Claims
- 1. A method of identifying a compound capable of enhancing or inhibiting binding between Signal Transducer and Activator of Transcription (STAT) protein dimers to each other at an interface domain and/or a nucleic acid binding site, comprising:
(a) obtaining a set of atomic coordinates defining the three dimensional structure of a crystal of an N-terminal fragment of a STAT protein that effectively diffracts X-rays for the determination of the atomic coordinates of the N-terminal fragment to a resolution of 1.45 Å, wherein the N-terminal fragment of a STAT protein comprises amino acid residues 1-130 of SEQ ID NO:1, the crystal has a space group of P6522 and a unit cell of dimensions a=79.51 Å, b=79.51 Å, and c=84.68 Å, and wherein the interface domain is formed such that contact exists between amino acid residues Gln8 (Q8), Ile12 (I12), and Leu15 (L15) of α helices 1 and 2, Met28 (M28) and Glu29 (E29) of α helix 3 of a first STAT protein partner of the dimer, and Leu77 (L77) and Leu78 (L78) in α helix 7 of a second STAT protein partner of the dimer; (b) contacting a test compound with two or more dimeric STAT proteins in the presence of a nucleic acid containing at least two adjacent binding sites for STAT protein dimers; and (c) detecting the effect of the test compound on the binding of the dimeric STAT proteins to each other and/or to the nucleic acid binding site, wherein the test compound is identified as capable of enhancing or inhibiting binding between dimeric STAT proteins when it either enhances or inhibits the binding of dimeric STAT proteins to each other and/or the nucleic acid binding site.

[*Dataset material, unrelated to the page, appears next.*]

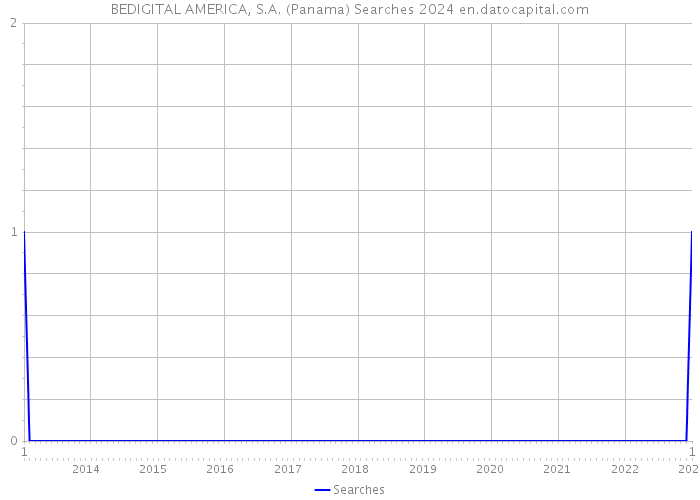 BEDIGITAL AMERICA, S.A. (Panama) Searches 2024 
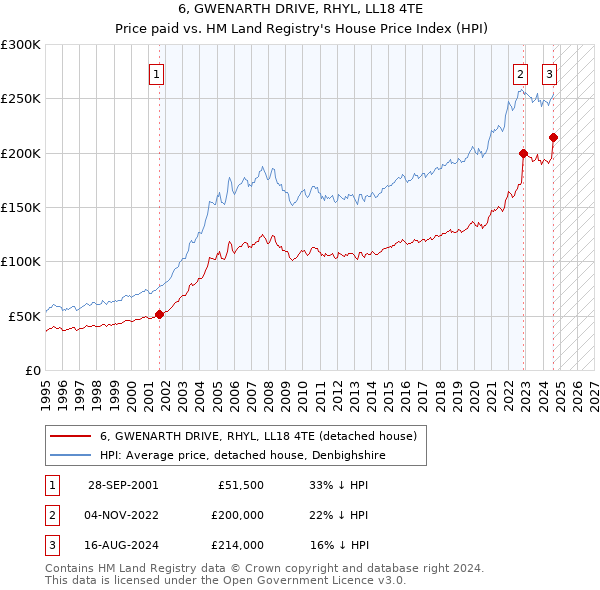 6, GWENARTH DRIVE, RHYL, LL18 4TE: Price paid vs HM Land Registry's House Price Index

- 2. The method of claim 1, wherein a test compound is a compound designed to bind the interface domain formed between amino acid residues Gln8 (Q8), Ile12 (I12), and Leu15 (L15) of α helices 1 and 2, Met28 (M28) and Glu29 (E29) of α helix 3 of a first STAT protein partner of the dimer, and Leu77 (L77) and Leu78 (L78) in α helix 7 of a second STAT protein partner of the dimer.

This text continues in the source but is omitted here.